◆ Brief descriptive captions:
# # #
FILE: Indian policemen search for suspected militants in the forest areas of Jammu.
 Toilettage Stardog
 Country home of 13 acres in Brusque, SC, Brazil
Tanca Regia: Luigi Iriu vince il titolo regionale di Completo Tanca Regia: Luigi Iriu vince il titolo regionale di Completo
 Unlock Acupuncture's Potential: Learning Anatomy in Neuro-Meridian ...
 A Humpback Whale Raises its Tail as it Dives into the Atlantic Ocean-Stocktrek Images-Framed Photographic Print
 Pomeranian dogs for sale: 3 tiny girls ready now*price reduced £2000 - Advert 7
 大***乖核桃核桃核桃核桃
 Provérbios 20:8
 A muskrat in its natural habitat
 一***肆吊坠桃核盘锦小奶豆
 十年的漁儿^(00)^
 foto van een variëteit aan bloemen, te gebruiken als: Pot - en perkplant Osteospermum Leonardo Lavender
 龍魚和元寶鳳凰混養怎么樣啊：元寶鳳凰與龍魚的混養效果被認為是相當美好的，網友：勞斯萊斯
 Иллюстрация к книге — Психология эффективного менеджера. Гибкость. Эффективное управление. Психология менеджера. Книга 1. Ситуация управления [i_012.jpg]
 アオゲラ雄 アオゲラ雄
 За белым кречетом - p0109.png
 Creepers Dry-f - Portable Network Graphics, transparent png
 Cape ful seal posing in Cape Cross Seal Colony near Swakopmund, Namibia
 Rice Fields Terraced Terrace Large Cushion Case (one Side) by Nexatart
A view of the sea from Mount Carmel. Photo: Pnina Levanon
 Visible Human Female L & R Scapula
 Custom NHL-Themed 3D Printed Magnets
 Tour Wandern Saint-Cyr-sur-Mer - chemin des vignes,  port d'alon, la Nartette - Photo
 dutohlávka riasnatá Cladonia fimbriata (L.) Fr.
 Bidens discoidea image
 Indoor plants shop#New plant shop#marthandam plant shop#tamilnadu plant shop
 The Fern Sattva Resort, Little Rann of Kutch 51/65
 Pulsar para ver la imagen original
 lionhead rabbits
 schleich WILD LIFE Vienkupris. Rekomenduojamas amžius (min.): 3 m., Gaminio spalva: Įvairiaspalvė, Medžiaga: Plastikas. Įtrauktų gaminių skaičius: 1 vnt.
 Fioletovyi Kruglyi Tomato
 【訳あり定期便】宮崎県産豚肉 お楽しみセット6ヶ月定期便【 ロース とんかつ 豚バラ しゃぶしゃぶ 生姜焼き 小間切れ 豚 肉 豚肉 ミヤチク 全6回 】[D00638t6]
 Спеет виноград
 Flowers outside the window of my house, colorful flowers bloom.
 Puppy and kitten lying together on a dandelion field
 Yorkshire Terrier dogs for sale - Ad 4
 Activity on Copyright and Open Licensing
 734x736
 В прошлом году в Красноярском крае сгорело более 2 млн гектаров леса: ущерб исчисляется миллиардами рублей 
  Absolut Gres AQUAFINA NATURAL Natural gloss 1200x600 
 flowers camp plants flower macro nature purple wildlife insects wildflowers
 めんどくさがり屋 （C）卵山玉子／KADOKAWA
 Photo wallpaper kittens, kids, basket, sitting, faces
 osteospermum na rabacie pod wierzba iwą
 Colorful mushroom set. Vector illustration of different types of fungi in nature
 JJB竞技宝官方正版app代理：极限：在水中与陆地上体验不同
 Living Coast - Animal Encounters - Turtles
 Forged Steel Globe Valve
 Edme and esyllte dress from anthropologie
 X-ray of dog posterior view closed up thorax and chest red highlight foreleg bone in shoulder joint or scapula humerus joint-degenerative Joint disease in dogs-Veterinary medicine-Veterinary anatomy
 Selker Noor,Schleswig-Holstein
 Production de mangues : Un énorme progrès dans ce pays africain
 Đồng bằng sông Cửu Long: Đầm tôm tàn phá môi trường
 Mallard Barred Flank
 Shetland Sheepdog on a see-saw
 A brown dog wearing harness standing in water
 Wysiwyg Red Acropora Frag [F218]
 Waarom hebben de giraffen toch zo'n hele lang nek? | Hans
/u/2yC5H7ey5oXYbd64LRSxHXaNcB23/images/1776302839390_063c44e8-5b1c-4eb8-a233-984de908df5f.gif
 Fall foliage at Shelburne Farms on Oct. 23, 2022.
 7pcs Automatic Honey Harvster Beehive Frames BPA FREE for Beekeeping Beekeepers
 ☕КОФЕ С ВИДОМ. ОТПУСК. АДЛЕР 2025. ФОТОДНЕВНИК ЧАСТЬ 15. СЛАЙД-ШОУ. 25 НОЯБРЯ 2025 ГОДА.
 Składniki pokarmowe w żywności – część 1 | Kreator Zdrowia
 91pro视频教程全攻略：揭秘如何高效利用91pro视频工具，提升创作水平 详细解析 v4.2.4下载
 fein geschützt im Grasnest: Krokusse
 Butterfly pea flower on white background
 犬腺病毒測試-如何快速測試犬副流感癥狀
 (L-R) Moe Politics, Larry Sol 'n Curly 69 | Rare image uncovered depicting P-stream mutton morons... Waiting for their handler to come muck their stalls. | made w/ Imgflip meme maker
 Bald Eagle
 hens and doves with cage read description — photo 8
# # #
◆ HOW TO COMPLETE THIS TASK: Look above for the line holding "Absolut Gres AQUAFINA" and the line holding "Production de mangues", then output exactly those two lines and every line between them, nothing more.

◆ ANSWER TO THIS PROBLEM:
  Absolut Gres AQUAFINA NATURAL Natural gloss 1200x600 
 flowers camp plants flower macro nature purple wildlife insects wildflowers
 めんどくさがり屋 （C）卵山玉子／KADOKAWA
 Photo wallpaper kittens, kids, basket, sitting, faces
 osteospermum na rabacie pod wierzba iwą
 Colorful mushroom set. Vector illustration of different types of fungi in nature
 JJB竞技宝官方正版app代理：极限：在水中与陆地上体验不同
 Living Coast - Animal Encounters - Turtles
 Forged Steel Globe Valve
 Edme and esyllte dress from anthropologie
 X-ray of dog posterior view closed up thorax and chest red highlight foreleg bone in shoulder joint or scapula humerus joint-degenerative Joint disease in dogs-Veterinary medicine-Veterinary anatomy
 Selker Noor,Schleswig-Holstein
 Production de mangues : Un énorme progrès dans ce pays africain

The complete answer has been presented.